EXERCISE DETAILS:
With the pictures removed, please write out every line below exactly as given.

GIVEN INFORMATION:
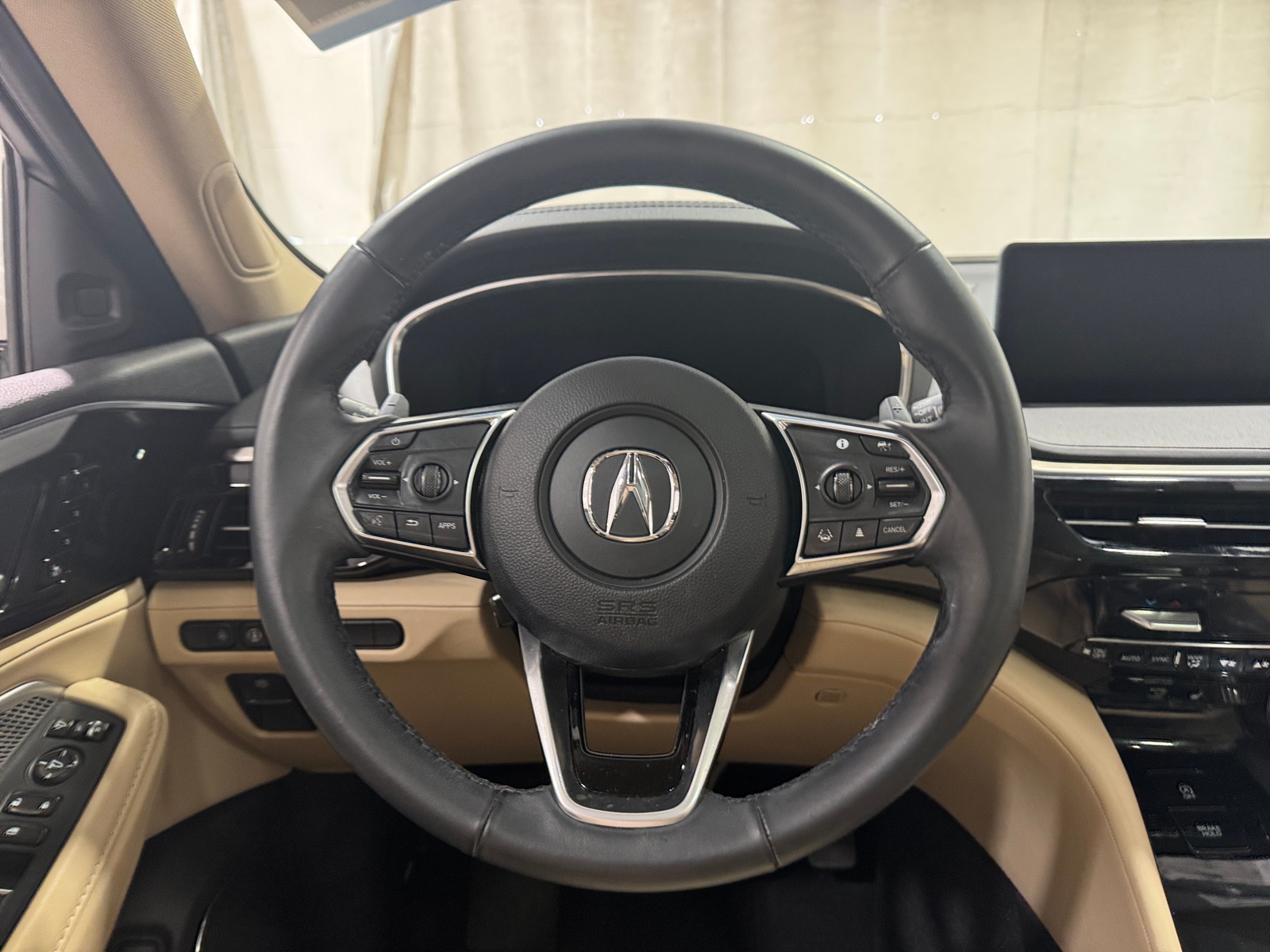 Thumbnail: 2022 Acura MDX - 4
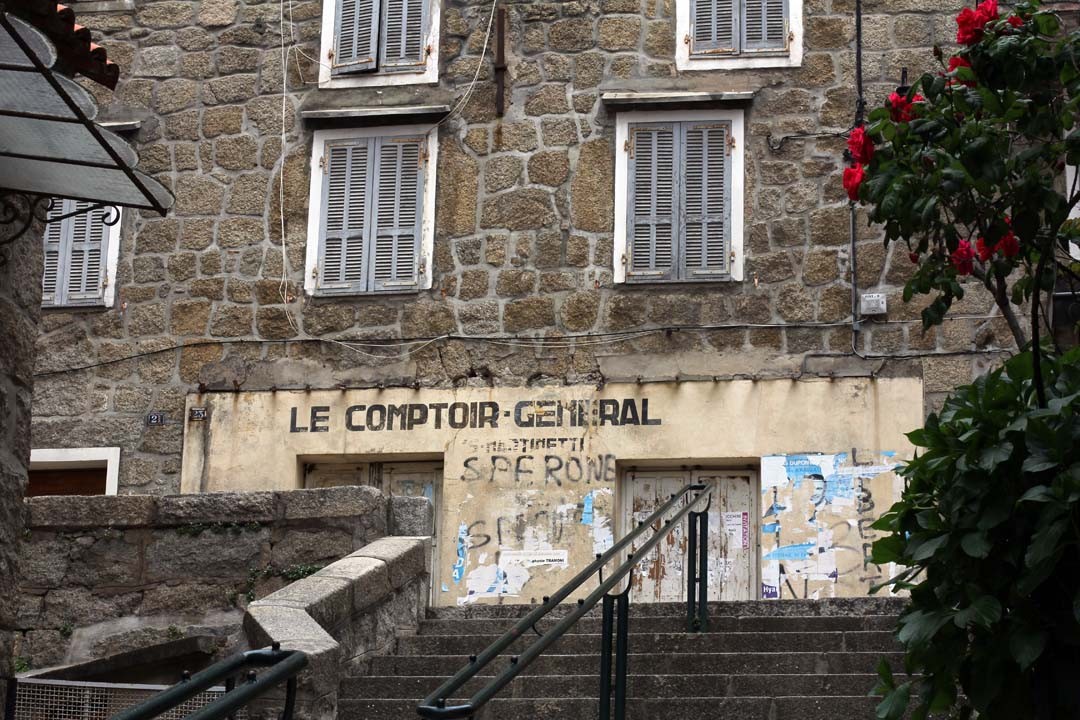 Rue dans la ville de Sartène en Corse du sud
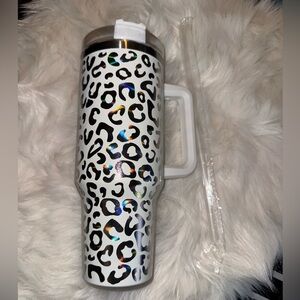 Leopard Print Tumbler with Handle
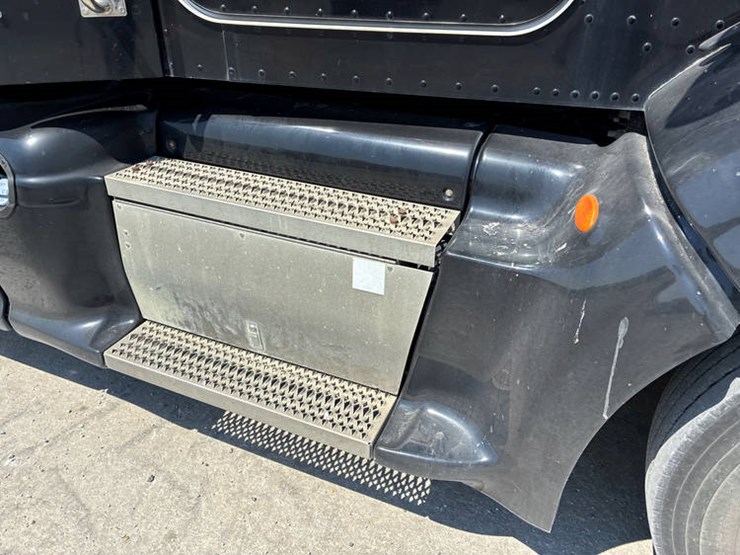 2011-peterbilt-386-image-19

COMPLETED EXERCISE:
 Thumbnail: 2022 Acura MDX - 4
 Rue dans la ville de Sartène en Corse du sud
 Leopard Print Tumbler with Handle
 2011-peterbilt-386-image-19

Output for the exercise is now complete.